## Task brief:
Please restate word for word each line from the one containing "The pelicans also" to the last line of the records below, and drop the pictures.

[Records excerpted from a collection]
-*-*-
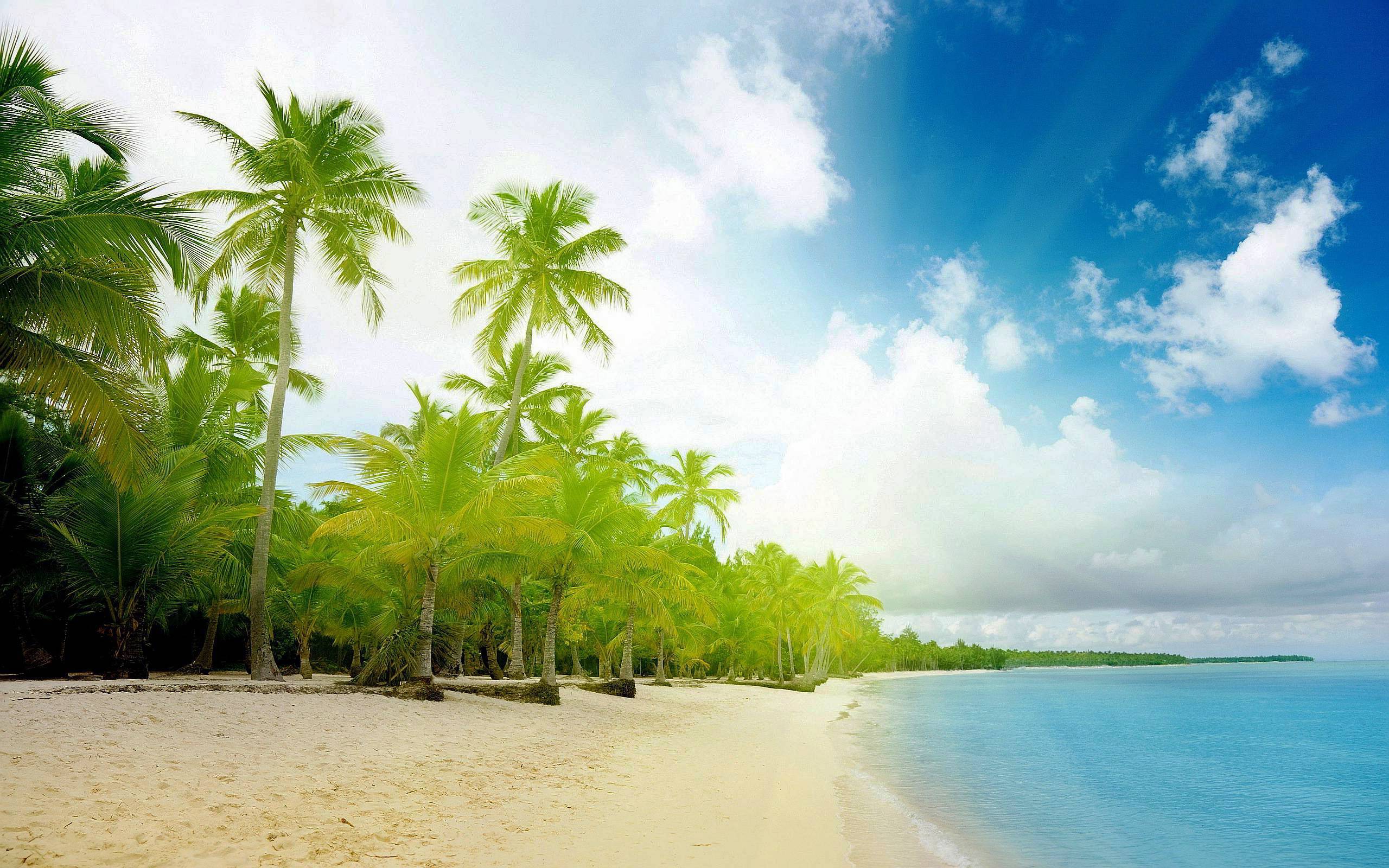 2560x1600 Exotic Background. Exotic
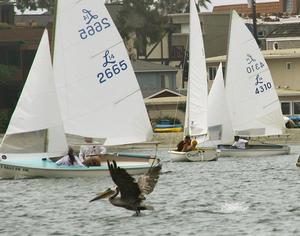 The pelicans also got into the fun photo copyright Rich Roberts taken at  and featuring the  class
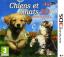 Chiens et Chats 3D : Mes Meilleurs Amis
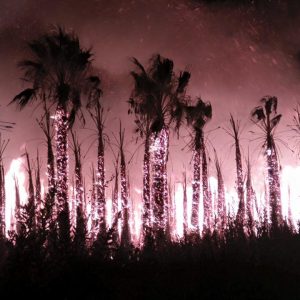 En el incendio ocurrido en la madrugada de ayer ardieron alrededor de 200 palmeras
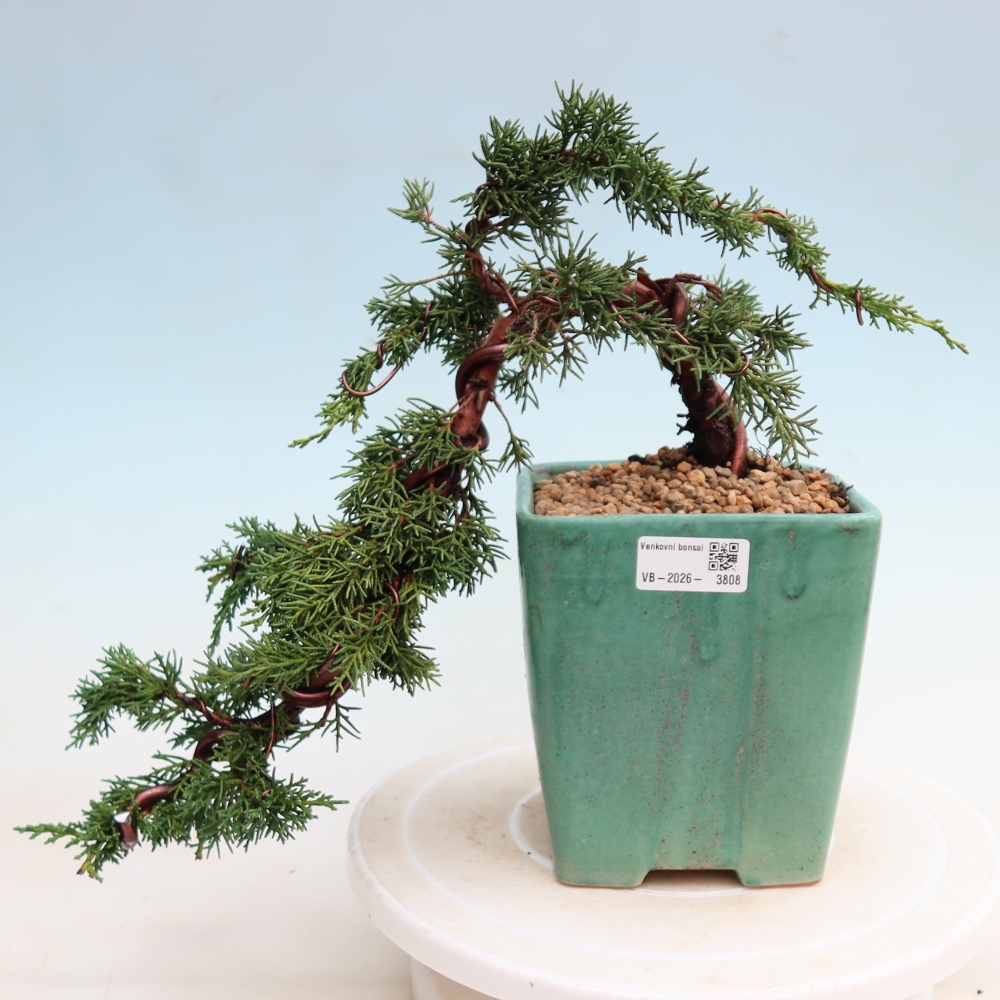 Venkovní bonsai - Juniperus chinensis Kishu -Jalovec čínský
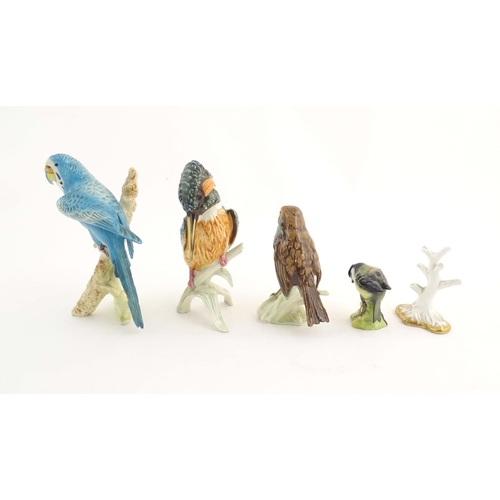 183 - Four assorted models of birds to include a Goebel model of a Budgerigar, no. 3851218, a Goebel Robin... 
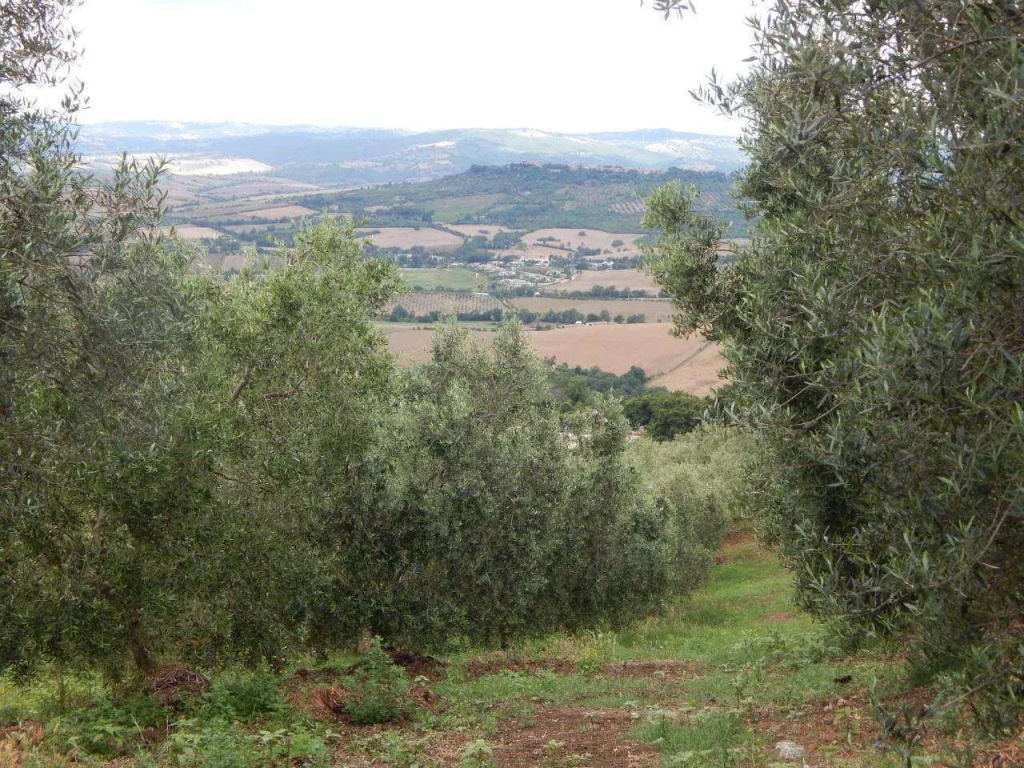 Piane Del Bagno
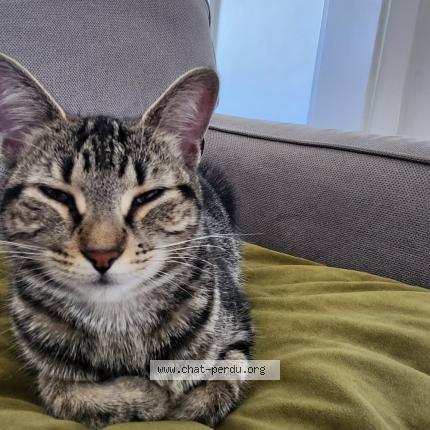 Foto 1/1 Gato encontrado Encontrado en Trois rivieres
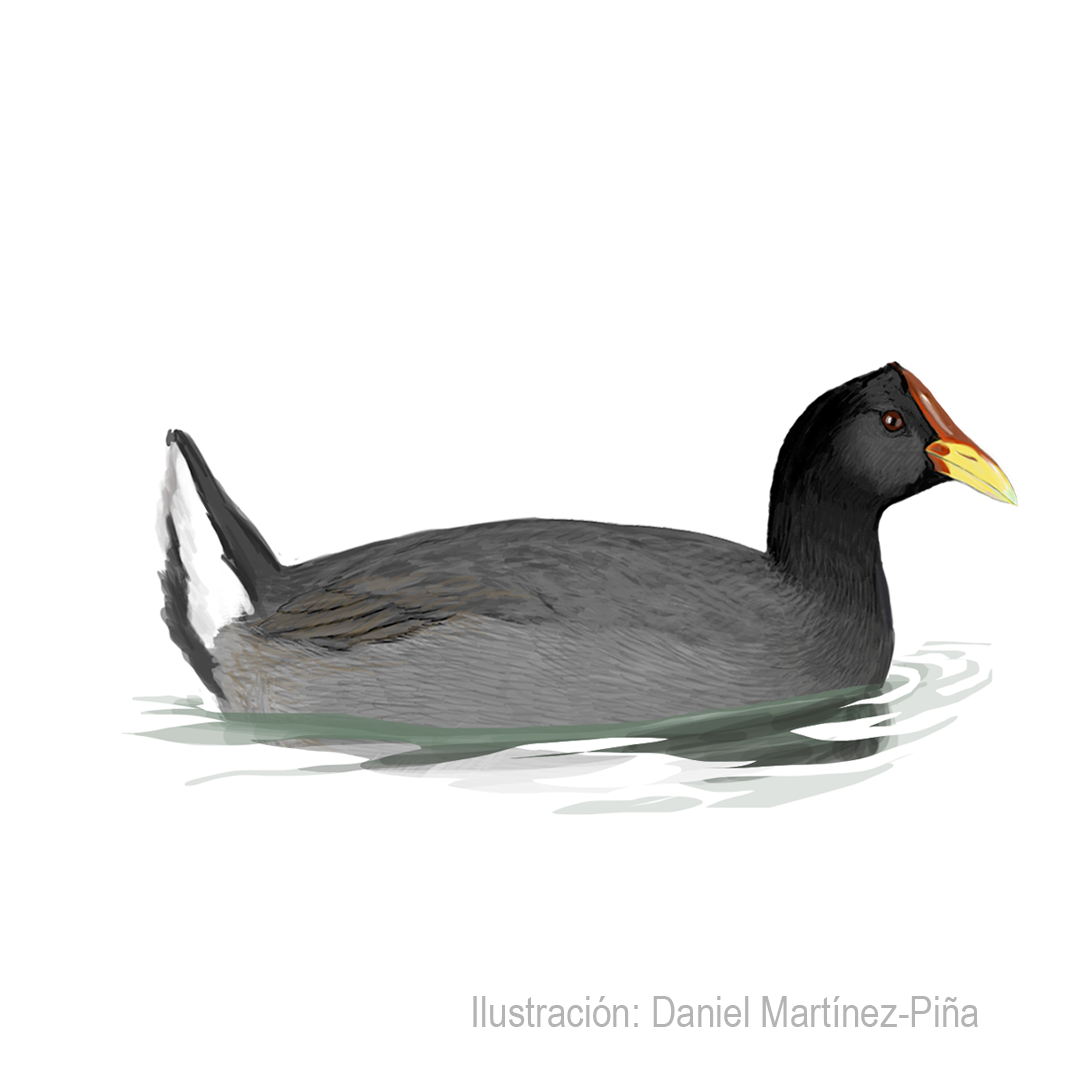 FULICA-RUFIFRONS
-*-*-
## Finished task:
 The pelicans also got into the fun photo copyright Rich Roberts taken at  and featuring the  class
 Chiens et Chats 3D : Mes Meilleurs Amis
 En el incendio ocurrido en la madrugada de ayer ardieron alrededor de 200 palmeras
 Venkovní bonsai - Juniperus chinensis Kishu -Jalovec čínský
 183 - Four assorted models of birds to include a Goebel model of a Budgerigar, no. 3851218, a Goebel Robin... 
 Piane Del Bagno
 Foto 1/1 Gato encontrado Encontrado en Trois rivieres
 FULICA-RUFIFRONS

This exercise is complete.